Kafka data from topic with limit

Kafka data from topic with limit

Use case: getting last entries from kafka topic within a limit. How to do that?

After several attempts how to do it properly, I've created this method, which works well and returns latest x records from kafka topic you specified.

  private Iterable<ConsumerRecord<String, T>> getLatestConsumerRecordsWithLimit(KafkaConsumer<String, T> consumer, String topic, long limit) {
        Iterable<ConsumerRecord<String, T>> records;
        synchronized (consumer) {
            consumer.subscribe(Collections.singletonList(topic));
            consumer.poll(0);
            consumer.seekToEnd(consumer.assignment());
            for (TopicPartition topicPartition : consumer.assignment()) {
                long actualPosition = consumer.position(topicPartition);
                long newPosition = actualPosition - limit;
                if (newPosition >= 0) {
                    consumer.seek(topicPartition, newPosition);
                } else {
                    consumer.seekToBeginning(consumer.assignment());
                }
            }
            ConsumerRecords<String, T> poll = consumer.poll(TIMEOUT_MS);
            records = poll.records(topic);
            consumer.unsubscribe();
        }
        return records;
    }

Let's go through several blocks

Iterable<ConsumerRecord<String, T>> getLatestConsumerRecordsWithLimit(KafkaConsumer<String, T> consumer, String topic, long limit)

T represents any generic type, so it can be for example used like:

getLatestConsumerRecordsWithLimit(KafkaConsumer<String, Person> consumer, String topic, long limit)

or

getLatestConsumerRecordsWithLimit(KafkaConsumer<String, Employee> consumer, String topic, long limit)
        synchronized (consumer) {

Kafka consumer is not naturally thread-safe. If there would be multiple threads accessing the method at the same time, the result can be unpredictable and kafka itself throws exception when detecting that. Therefore we need to perform synchronization on object consumer, which would allow only one thread entering the synchronized method at the same time.

consumer.poll(0);
consumer.seekToEnd(consumer.assignment());

we need to set pointer in kafka topic to the very end to determine total number of records.

long actualPosition = consumer.position(topicPartition);
long newPosition = actualPosition - limit;

then, getting the actual position at the very end.

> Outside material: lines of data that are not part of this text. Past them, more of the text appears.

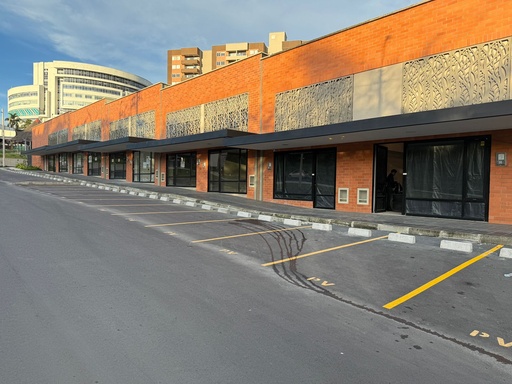 [1685] Local para Renta en Senderos de San Silvestre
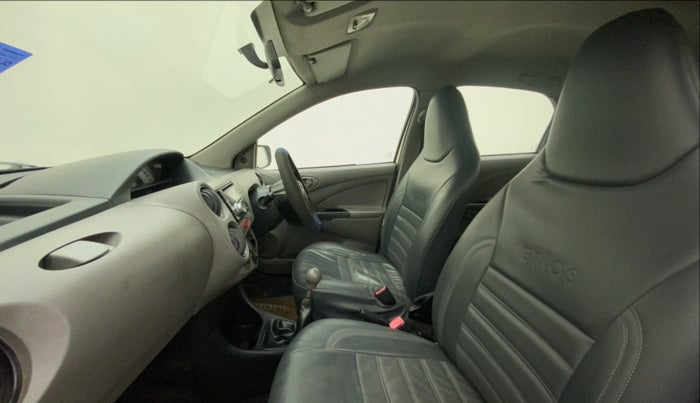 2011 Toyota Etios G, Petrol, Manual, 92,360 km, Right Side Front Door Cabin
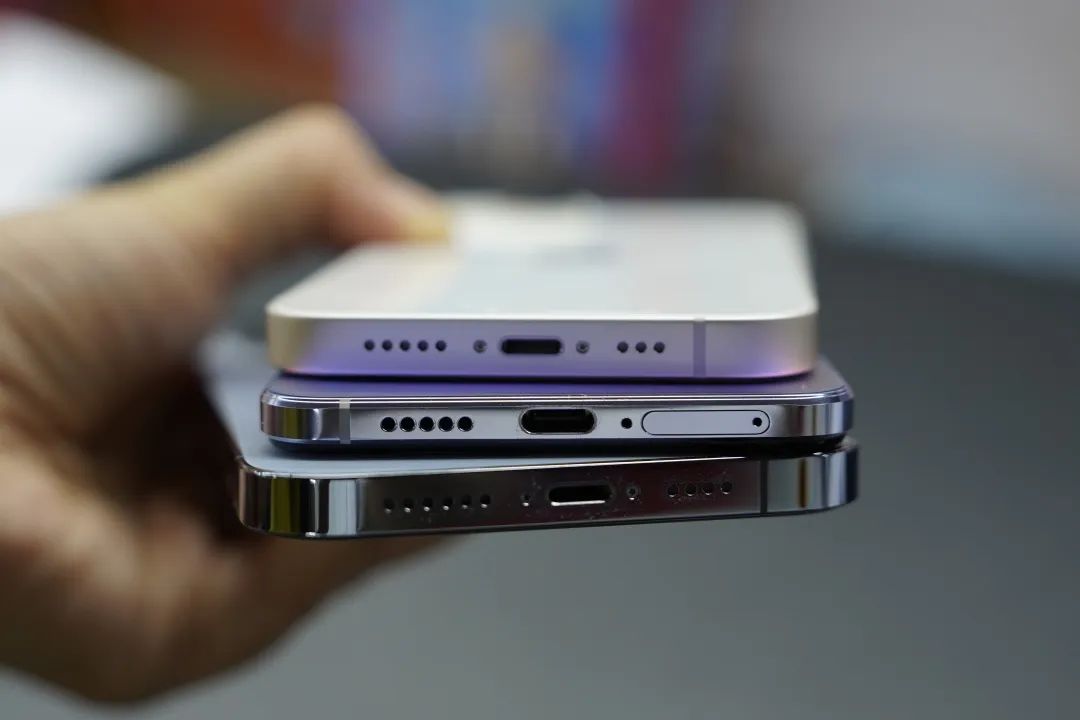 手机下的小孔有什么用途,手机上的小孔有什么用处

We want the new position to be the one at the end minus number of our records we want to return.

if (newPosition >= 0) {
    consumer.seek(topicPartition, newPosition);
} else {
    consumer.seekToBeginning(consumer.assignment());
}

it can happen, that you have smaller number of records in the topic than the actual limit, in that case, we'll set our pointer to the very beginning

ConsumerRecords<String, T> poll = consumer.poll(TIMEOUT_MS);
records = poll.records(topic);
consumer.unsubscribe();

and finally, getting the records within the timeout and unsubscribing.

In order to use this method, you'd need to inject the kafka consumer in your spring boot service:

private final KafkaConsumer<String, Person> kafkaConsumer;

Then, within some other method in your service:

Iterable<ConsumerRecord<String, Person>> records = getLatestConsumerRecordsWithLimit(kafkaConsumer, "person_topic", key, limit)

List<Person> = StreamSupport.stream(Spliterators.spliteratorUnknownSize(records.iterator(), Spliterator.ORDERED), false)
                .filter(e -> key.equals(e.key()))
                .map(e -> e.value())
                .collect(Collectors.toList())
.filter(e -> key.equals(e.key()))

we need to make sure to return only values which match key of the produced record. You shall always produce a record to kafka topic, which has specific key, so that it's assigned to correct partition based on that key.